Baseball fans get all misty eyed talking about Wrigley Field and Fenway Park, and as a hockey fan, I was saddened to see our Buffalo Memorial Auditorium condemned and knocked down in the name of luxury suites and more concessions. There is something special about these old places; places you shared highs and lows with, maybe with your father, your friends, your girlfriend, now your wife, your children.

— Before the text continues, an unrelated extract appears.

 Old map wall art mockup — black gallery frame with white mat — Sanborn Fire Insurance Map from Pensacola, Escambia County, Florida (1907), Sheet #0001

Fenway and Wrigley were built in 1911 and 1914 respectively. Churchill Downs has existed since 1875, with the iconic twin spires going up in 1895. The driving force behind the creation of the track was Col. Meriwether Lewis Clark, grandson of the famous American explorer, General William Clark of the William and Clark expedition of 1804-1806, the first transcontinental expedition of the United States, and whose mother was from one of Kentucky's first and leading families, the Churchill's.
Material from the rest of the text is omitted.